SAFM dipped below resistance today @ 75.56 + closing @ 76.09 in the face of increased liquidity (facility increased from $600 to 750m) + dividend inline with past performance despite depressed stock price. Bird flu scare is pretty significantly priced in to the stock which is reflected by down week (for SAFM) vs. an up week for market.
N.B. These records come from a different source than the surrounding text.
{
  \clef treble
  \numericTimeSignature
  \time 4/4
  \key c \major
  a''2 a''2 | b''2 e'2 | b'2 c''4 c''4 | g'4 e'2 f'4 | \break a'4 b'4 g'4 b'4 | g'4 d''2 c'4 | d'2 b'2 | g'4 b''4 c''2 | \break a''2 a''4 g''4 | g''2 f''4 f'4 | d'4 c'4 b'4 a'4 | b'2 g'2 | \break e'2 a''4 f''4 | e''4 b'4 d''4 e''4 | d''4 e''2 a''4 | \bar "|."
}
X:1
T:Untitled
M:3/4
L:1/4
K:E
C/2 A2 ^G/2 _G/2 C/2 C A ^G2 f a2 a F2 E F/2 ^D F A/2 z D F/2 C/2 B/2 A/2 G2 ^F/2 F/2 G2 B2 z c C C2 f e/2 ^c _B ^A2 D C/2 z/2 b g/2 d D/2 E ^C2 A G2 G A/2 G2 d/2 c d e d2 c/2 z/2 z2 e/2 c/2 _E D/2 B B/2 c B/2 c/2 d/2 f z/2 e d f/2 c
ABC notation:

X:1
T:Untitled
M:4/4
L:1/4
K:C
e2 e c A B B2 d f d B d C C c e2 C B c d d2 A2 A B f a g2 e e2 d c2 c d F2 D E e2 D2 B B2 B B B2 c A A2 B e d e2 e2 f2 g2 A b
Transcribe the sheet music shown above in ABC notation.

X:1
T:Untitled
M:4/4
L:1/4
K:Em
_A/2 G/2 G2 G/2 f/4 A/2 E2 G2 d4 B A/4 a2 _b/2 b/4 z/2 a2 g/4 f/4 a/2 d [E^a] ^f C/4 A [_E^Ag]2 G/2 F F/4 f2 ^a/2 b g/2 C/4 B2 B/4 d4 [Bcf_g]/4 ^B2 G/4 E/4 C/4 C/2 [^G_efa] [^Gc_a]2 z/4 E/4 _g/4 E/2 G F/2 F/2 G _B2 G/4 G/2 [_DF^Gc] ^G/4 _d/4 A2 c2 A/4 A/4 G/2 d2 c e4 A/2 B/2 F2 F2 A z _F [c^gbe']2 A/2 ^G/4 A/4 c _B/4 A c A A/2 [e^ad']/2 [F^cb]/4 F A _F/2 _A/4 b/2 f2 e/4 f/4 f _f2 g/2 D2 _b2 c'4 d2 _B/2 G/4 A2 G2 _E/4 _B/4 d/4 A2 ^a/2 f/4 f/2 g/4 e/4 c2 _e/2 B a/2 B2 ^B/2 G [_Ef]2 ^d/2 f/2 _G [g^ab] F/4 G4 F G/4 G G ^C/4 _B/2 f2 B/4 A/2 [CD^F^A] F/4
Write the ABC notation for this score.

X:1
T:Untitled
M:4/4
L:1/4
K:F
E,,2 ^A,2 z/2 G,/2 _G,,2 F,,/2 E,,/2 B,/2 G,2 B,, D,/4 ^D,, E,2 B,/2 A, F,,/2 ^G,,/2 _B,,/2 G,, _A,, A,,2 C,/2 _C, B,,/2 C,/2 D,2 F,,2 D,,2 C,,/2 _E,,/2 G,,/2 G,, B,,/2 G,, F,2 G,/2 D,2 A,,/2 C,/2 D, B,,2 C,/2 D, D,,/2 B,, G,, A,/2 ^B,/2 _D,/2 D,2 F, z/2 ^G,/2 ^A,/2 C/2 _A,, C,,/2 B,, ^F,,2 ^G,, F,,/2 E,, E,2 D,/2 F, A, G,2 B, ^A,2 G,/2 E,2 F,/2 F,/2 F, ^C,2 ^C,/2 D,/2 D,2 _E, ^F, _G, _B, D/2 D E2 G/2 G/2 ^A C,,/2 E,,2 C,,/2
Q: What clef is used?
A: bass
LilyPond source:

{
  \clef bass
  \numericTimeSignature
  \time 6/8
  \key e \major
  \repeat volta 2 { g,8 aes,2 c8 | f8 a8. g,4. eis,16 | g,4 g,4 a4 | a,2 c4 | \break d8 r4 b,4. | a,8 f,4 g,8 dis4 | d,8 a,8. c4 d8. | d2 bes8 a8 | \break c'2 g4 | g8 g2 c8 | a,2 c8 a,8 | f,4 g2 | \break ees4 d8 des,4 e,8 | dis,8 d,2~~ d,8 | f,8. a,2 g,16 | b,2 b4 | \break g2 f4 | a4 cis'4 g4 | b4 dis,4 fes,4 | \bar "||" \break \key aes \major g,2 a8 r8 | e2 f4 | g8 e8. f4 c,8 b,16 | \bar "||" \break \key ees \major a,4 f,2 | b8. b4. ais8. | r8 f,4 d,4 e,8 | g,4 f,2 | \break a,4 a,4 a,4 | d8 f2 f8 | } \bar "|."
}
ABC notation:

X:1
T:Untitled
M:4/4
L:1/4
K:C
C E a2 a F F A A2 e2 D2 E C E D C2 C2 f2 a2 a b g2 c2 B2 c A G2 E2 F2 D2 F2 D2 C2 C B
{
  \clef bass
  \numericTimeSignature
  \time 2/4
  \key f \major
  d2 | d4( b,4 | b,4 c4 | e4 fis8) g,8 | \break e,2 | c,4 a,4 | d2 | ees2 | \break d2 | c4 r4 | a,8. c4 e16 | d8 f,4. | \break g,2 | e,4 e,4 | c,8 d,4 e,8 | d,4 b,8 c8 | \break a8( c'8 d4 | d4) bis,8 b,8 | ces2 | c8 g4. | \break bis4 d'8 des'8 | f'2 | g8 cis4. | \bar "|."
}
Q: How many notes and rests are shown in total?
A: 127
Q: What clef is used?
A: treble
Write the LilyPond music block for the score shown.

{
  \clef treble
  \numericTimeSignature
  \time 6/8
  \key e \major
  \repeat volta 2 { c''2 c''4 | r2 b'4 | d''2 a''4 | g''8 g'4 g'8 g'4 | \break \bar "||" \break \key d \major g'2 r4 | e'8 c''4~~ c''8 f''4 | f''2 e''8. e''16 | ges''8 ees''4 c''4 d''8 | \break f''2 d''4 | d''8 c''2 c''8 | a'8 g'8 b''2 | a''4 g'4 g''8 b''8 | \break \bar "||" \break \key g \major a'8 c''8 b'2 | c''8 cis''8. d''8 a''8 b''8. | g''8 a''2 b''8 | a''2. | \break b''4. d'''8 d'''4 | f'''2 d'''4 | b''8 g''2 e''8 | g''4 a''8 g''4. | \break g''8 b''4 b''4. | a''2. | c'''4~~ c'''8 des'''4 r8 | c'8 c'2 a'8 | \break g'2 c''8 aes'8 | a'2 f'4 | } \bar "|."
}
Bird flu scare is definitely the catalyst (competitors PPC/TSN who are also down, TSN less so). I remain optimistic for reasons previously discussed:

Near / Medium Term

  • High cattle prices = higher demand for secondary meats (ie, chicken)
  • Low corn prices through year end = margin expansion for SAFM
  • Low soy prices through year end = margin expansion for SAFM
  • The above 2 = optimistic next 2q – 3q earnings (2015E forecast is ~7% eps growth); commodity prices must be monitored with care; 16E eps growth = (48%) decline – need to be cognizant when to pull out as we approach the less desirable portion of this business cycle

Longer Term

  • Apart from supply constraints, the bird flu prices in an additional scare: export restrictions (China, South Korea, Mexico, Canada)
  • Exports represent only a small portion of SAFM rev (China + Mexico = 54% of total export revenue (of which constitutes ~10% of total revenue)) so we can say 5% of revenue, which is relatively immaterial in the face of this buying opp (ie, a risk largely exaggerated in the 75-76 price point which = bargain $$$)
  • Domestic affects are negligible. I believe cross-state export restrictions are currently limited to Iowa + South Dakota and even then US CDC (Center for Disease Control and Prevention) reiterate the avian flu = low risk for humans. Of course this isn’t the issue – the (near term) catalyst is the decreased chicken supply, currently
  • While there is risk associated with possible contamination at SAFM, I do agree with your sentiment; that it remains low due to geographic proximity (iowa to Texas is 900 miles; Iowa to Mississippi = ~650 miles…). Not an expert on trade routes but seems distant enough?
  • Contamination risk would come as a result of a van/truck/linehauler transporting something from ND/Iowa to Texas that has been exposed to chickens + not cleaned thoroughly which could introduce the virus to the region. Hopefully trade restrictions are effective here.
  • Potential risk is for the avian scare to last for about a year, which is the same duration the market expects corn/soybean to sell at depressed prices. Negative news could negate our better margin forecast. I still remain bullish on market optimism reacting to positively next 2 q’s earnings

6.1x NTM PE can represent a pretty solid time to add my position. Investment horizon would be about 6-8months but I wouldn’t be afraid to profit take in the face of good earnings results.